This is a nice 2005 GMC Yukon with 156K miles on it, I am asked to look at on this nice and sunny morning. The customer complaint is that the Service Engine Soon lamp illuminates. I start the truck up and it runs quite well and the lamp is not on presently. I scan for current codes and get none. Scanning for history codes I get a P0171 (System lean bank 1), P0174 (System lean bank 2), and a P0101 (Mass Air Flow Performance). Now at this point most techs would say put a mass air flow sensor in it and send it on it's way. I need to be absolutely sure before I stick my neck out. So many factors could cause these codes from weak fuel pumps to glitchy connections at the mass air flow sensor to damaged air filters causing turbulence that would affect the mass air flow sensors calculations. So the first thing I do is a visual. You never know what you are going to find with your eyes.
Nothing amiss here. I check the air filter for fit and function as well as the air ducting. All seems to be in good working order. The mass air flow sensor is installed correctly as well. There are certain GM applications where the mass air flow can be installed incorrectly. There are arrows on the sensor indicating flow direction. I also look to see if there are any aftermarket air flow ducting, air filters, etc and make notes of it. It wouldn't be the first time I have seen the $450.00 chrome billet air flow tube that was supposed to give you 65 more horsepower causing issues such as this. Alright time to look at some scan data. These new generation GM V-8 motors have had their fair share of intake manifiold gasket issues. Looking at fuel trims at an idle and raced up show some pretty tight fuel control. Plus, looking at some freeze frame and failure records show me these codes set at mid range rpm's with the engine fully warmed up. Typical intake manifold gasket issues rear their heads more at low speeds and low engine temperatures.

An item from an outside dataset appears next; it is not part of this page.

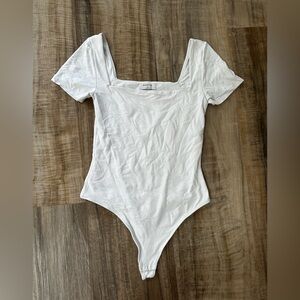 Aritzia Babaton Square Neck with short sleeves in White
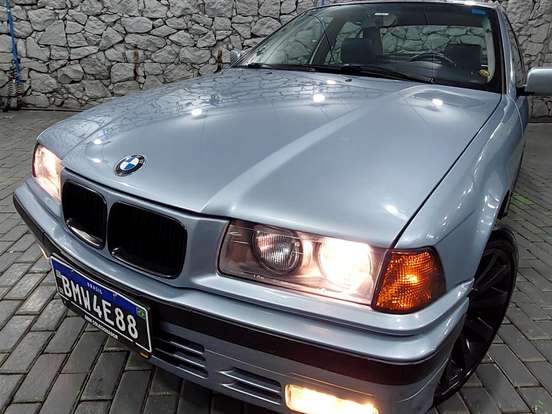 BMW-325i-2.5 SEDAN 24V GASOLINA 4P AUTOMÁTICO BMW-325i-1992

Time to take a test drive. If you have been following my blog you know that I have been beating up my new scanner the Ottotest pretty bad. I decided to use it on this vehicle because of it's excellent graphing capabilities.
The above is part of a graph I did on the road test. Remember, click on the pics to enlarge. I graphed mass air flow sensor grams per second, short term fuel trims for both banks, and power enrichment mode. I took actual photos of these screen shots for two reasons. One, I wanted to show you the multi colored graph which is very cool. The second is that when you save the graph on Ottotest to export, it is a xps file that is black and white. Something I hope they fix. Saving it on the Ottotest retains the color, you can also scroll after the fact, as well as play with the cursors. The above screen shot is meant to show you the relationship betwen air flow and short term fuel trim. The actual numbers on the right reflect cursor 1, which isn't even on any event in this field so diregard for right now. Here is another screenshot below.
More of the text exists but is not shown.